The study, released in May, found that military and defense spending has a $25 billion impact on Colorado, not including spending by NASA and the aerospace industry.

“We want to make sure that Buckley becomes the home for more operations,” she said.She also wants to continue her work for veterans, including with the United Veterans Committee of Colorado.
“Our veterans issues never really go away,” she said. “I would like to have some more time to be working on those things.”
As the owner of owns & Associates Integrated Marketing, she said she’s also concerned about small-business issues.
“I’m a small business owner – there aren’t very many of us at the Capitol,” she said. “I’d like to get back to working on the procurement process and make sure we have a level playing field for small businesses.”
Fields says she’s running for three reasons: to confront the challenges facing the state, to make sure families have access to opportunities and to ensure justice and fairness for everyone.
“What people are telling me is they are craving for leadership,” she said at her campaign kick-off. “I’m not afraid to confront issues when it deals with the extreme narrow views of others. I’ve confronted them, I’ve had toe-to-toe conversations with them and, I can tell you what, I won.”
Coloradans are interested in jobs, affordable housing, access to health care, good schools and opportunities.
“I want to address some of those needs and concerns,” she said. “I’m running because there’s more work to be done.”
Ryden was elected to the House of Representatives in 2008 and is serving her fourth term. She serves as the chair of the State, Veterans & Military Affairs Committee and on the Legislative Audit Committee; State Health Oversight Committee and the Health, Insurance & Environment Committee. She has served as Deputy Caucus Chair, Deputy Whip and currently Majority Whip.
“I feel that having been chair of state affairs and having been in leadership in the caucus has really given me the ability to hit the ground running in the Senate,” she said.
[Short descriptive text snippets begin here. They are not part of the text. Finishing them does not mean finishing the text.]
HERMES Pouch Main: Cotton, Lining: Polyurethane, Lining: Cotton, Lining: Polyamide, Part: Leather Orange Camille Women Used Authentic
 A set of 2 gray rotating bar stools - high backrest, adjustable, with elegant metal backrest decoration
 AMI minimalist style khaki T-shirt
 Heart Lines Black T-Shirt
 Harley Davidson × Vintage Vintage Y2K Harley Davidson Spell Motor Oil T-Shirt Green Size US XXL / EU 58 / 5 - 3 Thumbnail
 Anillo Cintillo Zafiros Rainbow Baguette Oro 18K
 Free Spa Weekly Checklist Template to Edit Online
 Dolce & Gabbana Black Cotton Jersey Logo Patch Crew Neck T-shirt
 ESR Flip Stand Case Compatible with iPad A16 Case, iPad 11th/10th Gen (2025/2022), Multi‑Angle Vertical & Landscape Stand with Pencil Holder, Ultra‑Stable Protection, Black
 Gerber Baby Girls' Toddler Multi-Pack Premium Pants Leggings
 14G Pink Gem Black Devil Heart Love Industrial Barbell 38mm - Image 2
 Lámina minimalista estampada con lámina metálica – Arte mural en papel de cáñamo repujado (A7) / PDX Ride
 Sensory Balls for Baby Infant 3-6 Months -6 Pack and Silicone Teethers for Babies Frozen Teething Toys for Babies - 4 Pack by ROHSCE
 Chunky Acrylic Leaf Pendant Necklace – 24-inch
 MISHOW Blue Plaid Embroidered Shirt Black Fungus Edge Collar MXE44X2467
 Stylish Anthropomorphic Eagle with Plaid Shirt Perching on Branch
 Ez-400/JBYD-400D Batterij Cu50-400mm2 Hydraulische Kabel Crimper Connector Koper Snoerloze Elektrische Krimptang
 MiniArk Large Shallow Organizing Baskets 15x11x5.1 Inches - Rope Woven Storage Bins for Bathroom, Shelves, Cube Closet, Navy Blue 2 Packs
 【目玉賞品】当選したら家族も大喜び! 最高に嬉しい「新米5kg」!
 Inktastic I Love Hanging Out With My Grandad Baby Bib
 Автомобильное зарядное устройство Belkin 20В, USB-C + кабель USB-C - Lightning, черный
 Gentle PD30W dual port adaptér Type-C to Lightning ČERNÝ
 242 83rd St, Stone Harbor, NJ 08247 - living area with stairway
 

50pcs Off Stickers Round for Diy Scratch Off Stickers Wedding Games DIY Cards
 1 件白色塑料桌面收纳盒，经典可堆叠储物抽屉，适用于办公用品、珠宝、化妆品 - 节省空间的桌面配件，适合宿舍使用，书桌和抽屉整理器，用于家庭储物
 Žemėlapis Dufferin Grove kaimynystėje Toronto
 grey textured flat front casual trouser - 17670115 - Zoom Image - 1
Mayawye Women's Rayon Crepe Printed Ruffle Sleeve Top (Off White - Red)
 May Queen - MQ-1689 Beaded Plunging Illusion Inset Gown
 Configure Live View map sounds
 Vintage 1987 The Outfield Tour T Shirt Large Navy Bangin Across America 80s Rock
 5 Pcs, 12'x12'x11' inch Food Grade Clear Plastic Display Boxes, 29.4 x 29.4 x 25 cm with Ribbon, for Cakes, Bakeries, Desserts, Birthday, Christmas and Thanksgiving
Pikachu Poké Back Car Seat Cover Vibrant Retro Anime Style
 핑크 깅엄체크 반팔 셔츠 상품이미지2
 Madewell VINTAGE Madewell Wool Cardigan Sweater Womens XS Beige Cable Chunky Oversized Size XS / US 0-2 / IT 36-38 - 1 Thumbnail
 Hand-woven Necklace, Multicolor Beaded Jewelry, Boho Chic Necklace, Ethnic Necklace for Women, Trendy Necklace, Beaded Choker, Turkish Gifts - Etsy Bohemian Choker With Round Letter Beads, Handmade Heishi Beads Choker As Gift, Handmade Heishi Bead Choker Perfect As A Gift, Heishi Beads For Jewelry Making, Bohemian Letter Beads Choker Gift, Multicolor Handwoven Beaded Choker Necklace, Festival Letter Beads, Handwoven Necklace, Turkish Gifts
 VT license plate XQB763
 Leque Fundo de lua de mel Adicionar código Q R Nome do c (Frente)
Fields got involved in politics after her son Javad Marshall-Fields and his fiancée, Vivian Wolfe, were murdered in 2005 soon before he was set to testify in another Aurora shooting. She was appointed to the Colorado Commission on Criminal Juvenile Justice and helped pass two bills that protect witnesses in criminal trials.
Fields was elected to the House in 2010 after having been appointed to the seat earlier that year to fill a vacancy and is serving her third term. She chairs the Local Government committee and is a ranking member on the Education Committee. She works as a proponent of education, affordable housing, the homeless, affordable health care and women’s reproductive health rights.